Page 1 of 1
Iterate a dataset in multithreaded application
Posted: 31.01.2023, 19:13
by stoffman
Hi,
Is there a way to iterate the same dataset in 2 different threads? from the look of it the standard dataset.eof/first/next is not design for such a case
Thanks,
Yoni
Re: Iterate a dataset in multithreaded application
Posted: 31.01.2023, 19:19
by aehimself
At the moment no, there's none.
What you can do however is to execute the same query in two threads, two different datasets and the first one processes the first half, the second one processes the other half.
Re: Iterate a dataset in multithreaded application
Posted: 01.02.2023, 13:13
by marsupilami
Hello Stoffman,
I amnot sure, what you want to do. If the TZQuery serves a kinda worklist for several threads you could copy its contents into another object where you protect access by a mutex or some other lock mechanism.
What you also could do is protect access to the TZQuery and its connection by a mutex. No other lock mechanisma are allowed in this scenarion. Usually I would encapsulate it into a separate object which then does all the mutex things. This effectively serializes access to the TZQuery. This is because one TZConnection and all objects that are connected to it may be accessed by one thread only at a time.
Best regards,
Jan
Re: Iterate a dataset in multithreaded application
Posted: 03.02.2023, 22:29
by stoffman
Hi Jan,
Sure I can do locks and critical sections and what not, but that is exactly what I'm trying to avoid...
I have several use cases for such a thing, but the most pressing one is being able to show the TZQuery in a grid while being able to do some calculations in a different thread (i.e. not the UI thread) the calculation is heavy and may take several seconds and I wish to avoid the UI from being freeze. Unfortunately, the data itself is also big, in the order of few hundreds MB, so copy them to another object is also time consuming (so while it performs better it still freezes the UI)
Thanks,
Stoffman
Re: Iterate a dataset in multithreaded application
Posted: 04.02.2023, 13:04
by aehimself
Why not to push everything in the background, loading and calculating? If calculation takes a second or two, most of your time will be spent with fetching anyway I suppose.

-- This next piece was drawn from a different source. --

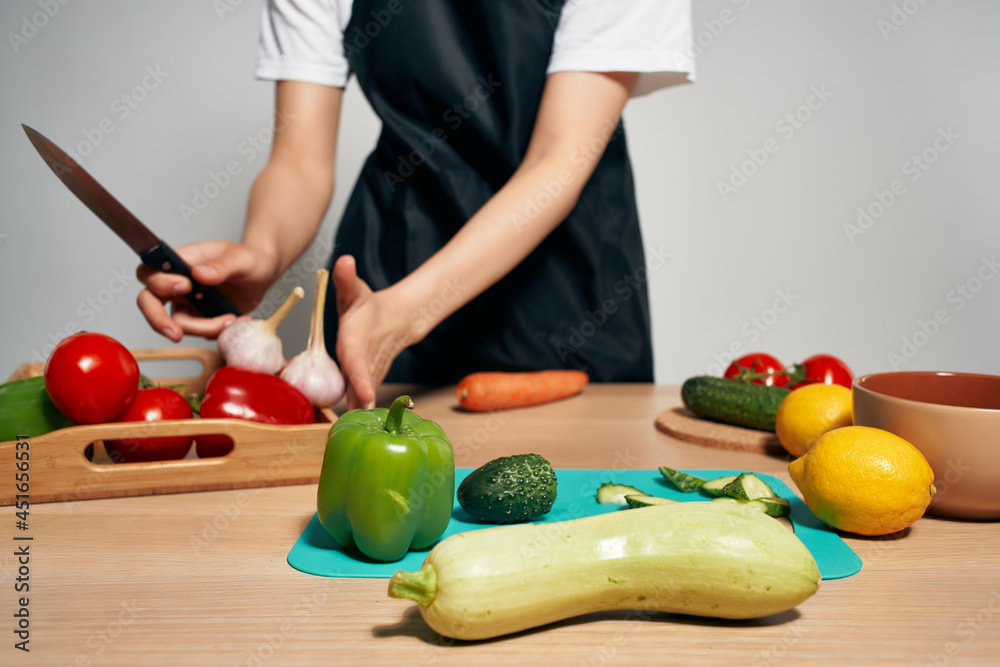 Woman in black apron Cooking healthy eating isolated background Woman in black apron Cooking healthy eating isolated background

I'm usually dimming all the contents and showing a progress indicator while allowing the user to cancel everything:
Capture1.PNG
Re: Iterate a dataset in multithreaded application
Posted: 04.02.2023, 23:00
by stoffman
While your solution looks great, it is not the affect I'm looking for. I want my application to remain responsive and let the user continue working while doing the calculations.
If I could go fully multithreaded with TDataset I would, for example, start the calculations *before* the user asks for them (making a good use of all the CPU cores
) and present the user with the results instantly once it is being requested.
Re: Iterate a dataset in multithreaded application
Posted: 04.02.2023, 23:31
by aehimself
In an ideal world there's no delay; a 30 GB file is downloaded instantly from the Internet, the latest games run flawless on a 2k era Intel Celeron and Chrome is more than satisfied with 64 kb of RAM.
Our challenge as software developers is to make the "real world" acceptable for the users.
Requesting a large amount of data and allowing your user to work with it instantly is not going to happen. Move loading to a background thread and do not block anything so he can continue to work with the previous.
Back to suggestions, you might want to drop the component layer and move up to DBC. That way you can have loading and processing in a background thread and have a VCL component (virtual treeview, stringgrid, etc) refresh its contents every second or so. Time spent between the first click and the arrival of the final record won't change but your application might seem faster and more responsive.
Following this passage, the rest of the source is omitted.